Companies need to understand public sentiment about their products and competitors, but manually analyzing thousands of social media posts is impractical. I wanted to create an automated solution that could:

  1. Track consumer sentiment toward different smartphone brands
  2. Identify common topics, concerns, and praised features
  3. Visualize trends over time
  4. Extract actionable insights for product development and marketing teams

Methodology

  1. Data Collection
    • Implemented a Twitter API integration to collect tweets mentioning iPhone and Samsung Galaxy
    • Created an accumulation system that builds datasets incrementally to overcome API rate limits
    • Built a sample data generator for development and testing
  2. Data Preprocessing
    • Developed a comprehensive text cleaning pipeline for social media text
    • Implemented tokenization, stopword removal, and lemmatization
    • Extracted key entities and features mentioned in tweets
  3. Sentiment Analysis
    • Applied rule-based approaches (VADER and TextBlob) for initial sentiment scoring
    • Trained custom machine learning models (Logistic Regression and SVM) for sentiment classification
    • Compared and evaluated different approaches to select the most accurate model
  4. Topic Modeling
    • Used Latent Dirichlet Allocation (LDA) to discover hidden topics in the text
    • Extracted frequently occurring n-grams and phrases
    • Mapped sentiment to specific product features and topics
  5. Interactive Dashboard
    • Built a Streamlit web application with responsive visualizations
    • Created filters for time periods, product categories, and sentiment
    • Implemented real-time data updates and interactive charts
    • Deployed the dashboard for public access

Key Features

  • Real-time sentiment analysis of tweets about competing smartphone brands
  • Interactive visualizations showing sentiment trends over time
  • Feature extraction identifying commonly discussed product attributes
  • Topic modeling revealing hidden patterns in consumer feedback
  • Comparative analysis between iPhone and Samsung Galaxy
  • Engagement metrics analysis by sentiment category
  • User-friendly dashboard for exploring insights

Results and Impact

The project successfully created a functioning sentiment analysis dashboard that provides actionable insights about smartphone consumer preferences.
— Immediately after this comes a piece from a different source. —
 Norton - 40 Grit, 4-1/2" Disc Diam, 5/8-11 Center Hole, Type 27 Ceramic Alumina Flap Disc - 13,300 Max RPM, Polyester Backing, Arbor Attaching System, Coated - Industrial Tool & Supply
Key findings include:

  • Identification of the most positively and negatively discussed features for each brand
  • Detection of emerging trends and consumer concerns
  • Analysis of how product updates affect public sentiment
  • Visualization of competitive positioning based on consumer perception

Challenges

  • Twitter API Rate Limits: Implemented an incremental data collection strategy that accumulates tweets over multiple API calls
  • Text PreprocessingCreated a robust pipeline to handle social media text including emojis, hashtags, and slang
  • Small Dataset Handling:Adapted algorithms to work effectively with limited initial data
  • Deployment Constraints:Optimized the application for lower-memory environments

Project Gallery

Conclusion

This project demonstrates the ability to work with unstructured text data, apply NLP techniques, and create end-to-end data science solutions that deliver business value through actionable insights.